Car depuis des mois, la CNAMGS n’est plus une caisse de protection sociale, mais une caisse de résonance des conflits d’ego. Entre querelles hiérarchiques, décisions contestées, suspicions de favoritisme et luttes de pouvoir, l’institution publique ressemble à une marmite mal couverte : la vapeur finit toujours par s’échapper. Et cette fois, la déflagration a été publique.
La suspension de Mme Koye par le PCA sans délibération collégiale préalable a déclenché un tollé interne. Les syndicats et le personnel ont dénoncé une procédure arbitraire, rappelant que le Conseil d’administration dans son ensemble devait se prononcer. Dans un système déjà fragilisé par la méfiance, cette décision unilatérale a été perçue comme la goutte d’huile sur le feu déjà ardent de la méfiance mutuelle. Mais dans cette affaire, il ne faut pas se contenter de lire les lignes : il faut lire entre les lignes.
Mme Koye n’est pas une inconnue dans l’arène. Ses liens politiques sont aussi visibles que ses ambitions. Vice-présidente d’un candidat lors de la présidentielle de 2023, elle avait déjà laissé entrevoir une propension à mêler politique et gestion publique.
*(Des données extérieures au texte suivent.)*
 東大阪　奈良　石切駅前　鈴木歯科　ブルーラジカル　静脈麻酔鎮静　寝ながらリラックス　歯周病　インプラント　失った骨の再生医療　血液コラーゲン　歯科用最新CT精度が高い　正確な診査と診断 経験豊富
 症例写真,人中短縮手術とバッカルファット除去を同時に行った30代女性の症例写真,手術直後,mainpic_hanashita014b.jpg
Et comme le dit un proverbe bantou : « le chien ne change jamais sa manière de s’asseoir ». En réalité, la CNAMGS a peut-être hérité d’une dirigeante dont le réflexe premier n’a jamais été l’équilibre administratif, mais la conquête du pouvoir, quel qu’en soit le terrain.
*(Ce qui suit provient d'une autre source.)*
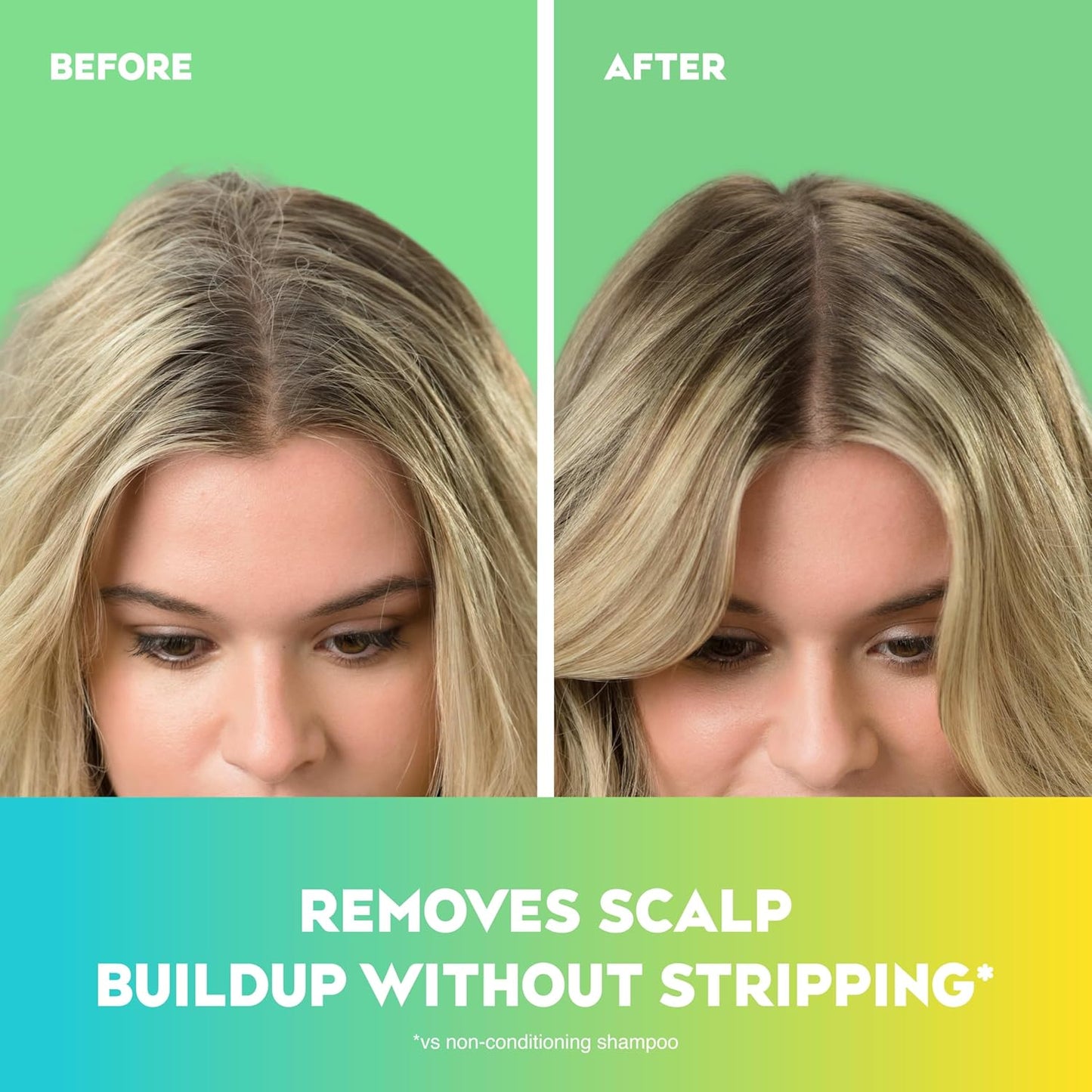 OGX Extra Strength Refreshing Scalp + Rosemary Mint Conditioner, Nourishing Hair & Scalp Conditioner Infused with Rosemary for Healthy-Looking Hair, Sulfate-Free Surfactants, 13 fl. oz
Sous sa direction, l’institution s’est enlisée dans les règlements de comptes internes, les nominations partisanes et les guerres de clans. Plusieurs cadres évoquent, sous couvert d’anonymat, une « gestion opaque », où la loyauté personnelle valait plus que la compétence. Les réunions de direction, jadis outils de coordination, seraient devenues des tribunaux internes où la moindre contradiction se payait d’une mise à l’écart.
Et comme on dit au village : « quand le chef se bat avec le tambour, c’est la danse qui en souffre. » Dans ce contexte, l’arrivée de Pierre Moussavou en qualité d’intérimaire sonne comme un palliatif d’urgence, un pansement posé sur une plaie institutionnelle. Le nouveau patron par intérim n’est pas un novice. Connu pour sa discrétion et son sens du devoir, il connaît la maison et ses recoins. Mais il sait aussi que les murs ont des oreilles et que les couteaux sont souvent rangés sous la table. Sa mission sera donc aussi politique qu’administrative : rétablir la confiance, nettoyer les écuries, et surtout éviter de devenir le prochain fusible.
Mais au-delà de cette crise, la situation de la CNAMGS révèle une pathologie plus profonde : celle de la gestion publique gabonaise, souvent gangrenée par la politisation des postes, la personnalisation du pouvoir et la faiblesse des contre-pouvoirs. Chaque direction devient un champ de bataille entre ambitions personnelles et luttes d’influence. Et pendant que les dirigeants se déchirent, les assurés, eux, attendent toujours leurs remboursements et leurs droits. « Quand deux éléphants se battent, c’est l’herbe qui souffre. »
La désignation de Moussavou ne règle donc rien. Elle repousse simplement l’explosion. Car tant que la CNAMGS restera un instrument de rivalités politiques plutôt qu’un outil de protection sociale, la crise sera cyclique, et les “intérimaires” s’enchaîneront comme des pansements sur une jambe de bois. Et pour paraphraser un proverbe fang : « on peut cacher le feu sous la cendre, mais la fumée finit toujours par trahir l’incendie. »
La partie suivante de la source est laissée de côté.